松岡元氏(以下、松岡):株式会社ニーズウェル取締役専務執行役員の松岡です。本日は、お時間をいただきありがとうございます。当社2024年9月期第3四半期の決算概況と、発表済みの中期経営計画、事業の取り組みなどについてご説明します。よろしくお願いします。

はじめに、会社概要です。あらためて、当社は株式会社ニーズウェルといいます。本社を千代田区紀尾井町に構え、永田町オフィスと長崎開発センターの2拠点で事業を展開しています。グループ会社は3社あり、それぞれ独立して事業を展開しています。

1.1 決算ハイライト業績サマリー

新井千波氏(以下、新井):取締役執行役員および経営企画部・財務経理担当の新井です。よろしくお願いします。決算ハイライト業績サマリーについてご説明します。

2024年9月期第3四半期の業績について、売上高は前年同期比12.7パーセント増の71億6,800万円、経常利益は前年同期比14.6パーセント増の9億1,900万円、親会社株主に帰属する四半期純利益は前年同期比23.4パーセント増の6億6,200万円となりました。経常利益率は12.8パーセントと、当社が目標としている10パーセントを超えています。

売上の内訳について、業界としては生保、公共、通信系が堅調に推移しました。サービス内容としてはマイグレーション開発、ソフトウェアテスト、ITアウトソーシングなどが堅調でした。

1.2 売上高・経常利益 年度別・四半期別推移

新井:売上高・経常利益の四半期ごとの推移です。売上高、経常利益ともに、当初計画していた拡大には一歩届きませんでしたが、それぞれ前年同期比は12.7パーセント、14.6パーセントと伸びています。

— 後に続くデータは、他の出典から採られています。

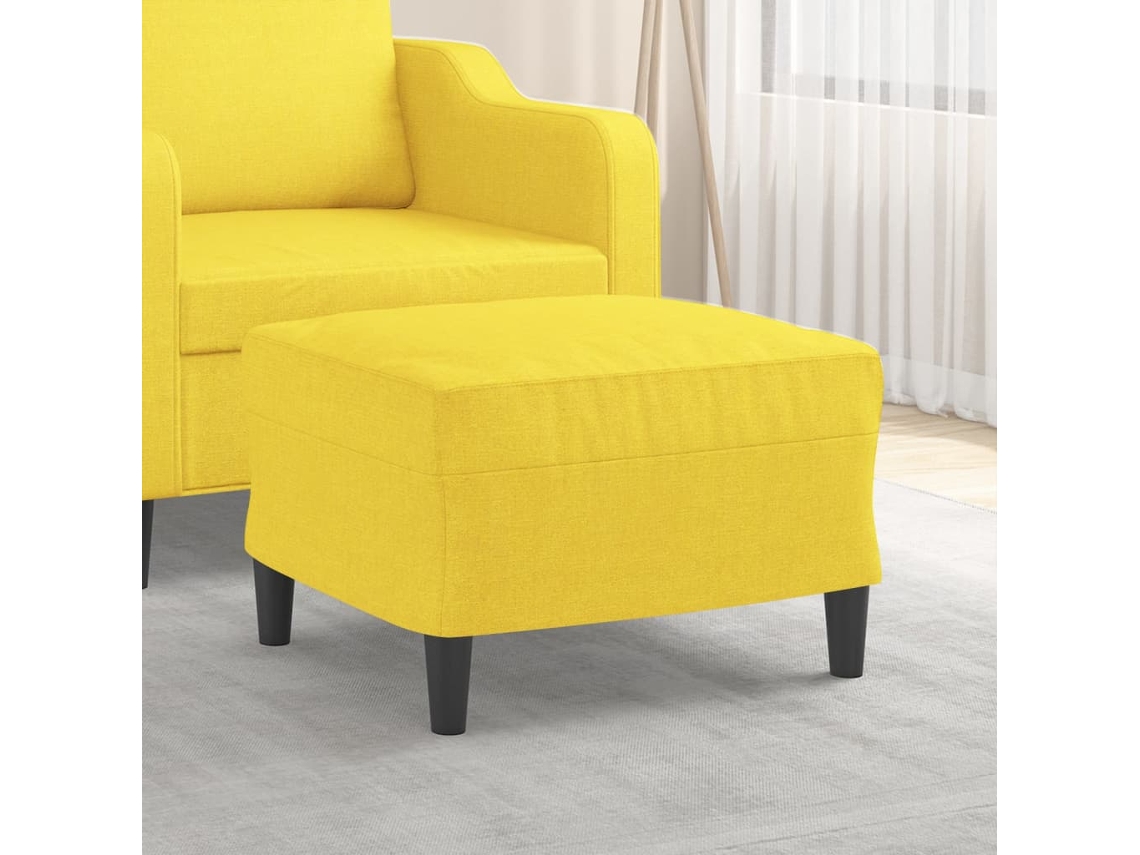 Vidaxl Apoio De Pés 60x50x41 Cm Tecido Amarelo-claro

売上高については、他社との差別化のために独自の新たなソリューションサービスの開発を行った一方で、不採算案件の対応による機会損失が発生しました。

利益については、4月の新入社員の教育費や株式報酬なども含め、実質7.5パーセントの賃上げを行っています。また、先ほどお伝えした新規ソリューションの開発投資によるコストが増加しました。

もう少し伸ばしたい思いはありましたが、将来の拡大に向けた戦略的投資として、このようにしました。

1.3 サービスライン別売上高推移

新井:サービスライン別の売上高推移です。すべてのサービスラインで前年同期を超える結果となりました。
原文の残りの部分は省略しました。